The setting is this: in May 1980, the South Korean Army were provided with eight hundred thousand rounds of ammunition and sent into Gwangju, a city of four hundred thousand people, to bring to an end ten days of democratic protest and resistance with as much violence and finality as was possible. Kang, who grew up in Gwangju in the years before the uprising, enters the novel as narrator in the seventh and final chapter to explain her personal relationship to these events. Swathes of the narration are in the second person, directly addressing a fifteen-year-old boy, Dong-ho, whom we meet in the first pages as he helps to process and identify the bodies of the murdered between clashes with government troops.
It cannot be ignored that this book is uncompromisingly harrowing. But somehow – perhaps because the most horrific acts are not shied away from, but instead described with cold, matter-of-fact precision and vividness – it is never oppressively dark and is always (incredibly) a pleasure to read. The translator Deborah Smith – who also supplies a beautifully concise, insightful introduction – deserves as much credit for this as Kang. Figurative language appears throughout the novel (the ‘fabric of sleep’ wears thin; the ‘curtain of night’ flutters at its edges; memories loom out of ‘dusk’s course weave’), yet the marriage of such poetic turns of phrase to such unimaginable atrocities does not feel forced.
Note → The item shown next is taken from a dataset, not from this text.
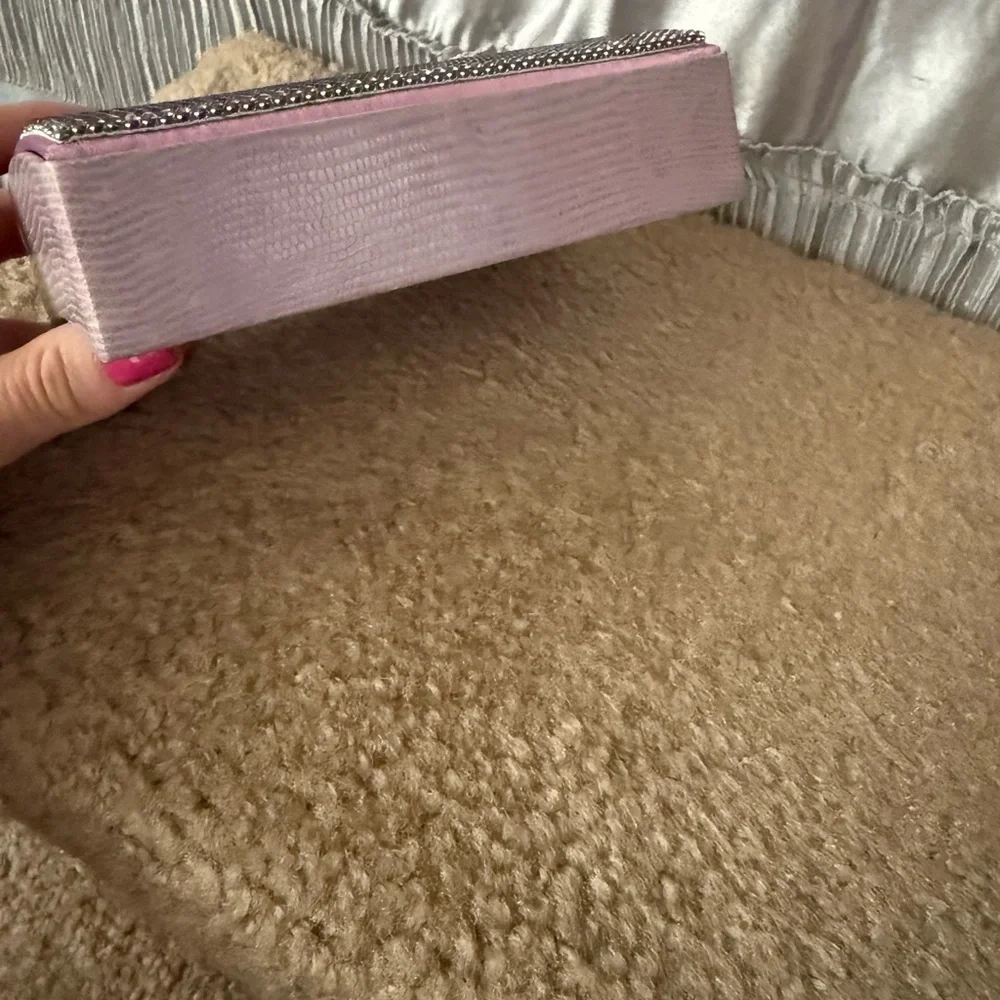 Swarovski Purple and Silver Crystal Clutch - Picture 4 of 16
‘Survivor’s guilt’ is both the genesis of this novel and one of its recurring themes. ‘How had the seasons kept on turning for me, when time had stopped forever for him that May?’ asks Kang, in her own voice. ‘These eyes that once beheld you’, laments a mother, ‘became a shrine’ (this image is typical of the book’s focus on seeing and eyes – ‘the souls of the departed are watching us, their eyes wide open’). There is repeated outrage that life can continue so casually after such an atrocity. Kang worries that she has started her attempt to document the massacre ‘too late’, that the majority of the gingko trees which bore ‘mute witness’ to the bloodshed are already uprooted. A girl telephones the Provincial Office daily to complain that the public fountain has been switched back on, for she sees this sign of normality as an insult to the murdered. The problem of how and why survivors have a responsibility to bear witness is perennial. A torture survivor carries a dictaphone around in her rucksack, putting off an academic’s request to set her story on tape, and its weight makes the straps cut into her shoulders, a literal and metaphorical burden.
This is a brave and profoundly affecting book and it deserves to be read. It is structurally ambitious and highly original in its use of narrative voice and its chronology. The past endlessly resurfaces in the present: ‘Uprisings’, one of Deborah Smith’s working titles for the translation, would have made this flotsam-floating of remembered ordeals more overt. But the decision by translator and publisher to title the English version of the book ‘Human Acts’ well encapsulates the novel’s ponderous passivity. Kang asks, rather than answers, troubling questions. What extremes of hurting and being hurt can the human animal achieve or endure? And just how fragile or resilient is the soul within the body, the glass vessel, the ‘fluttering winged thing’?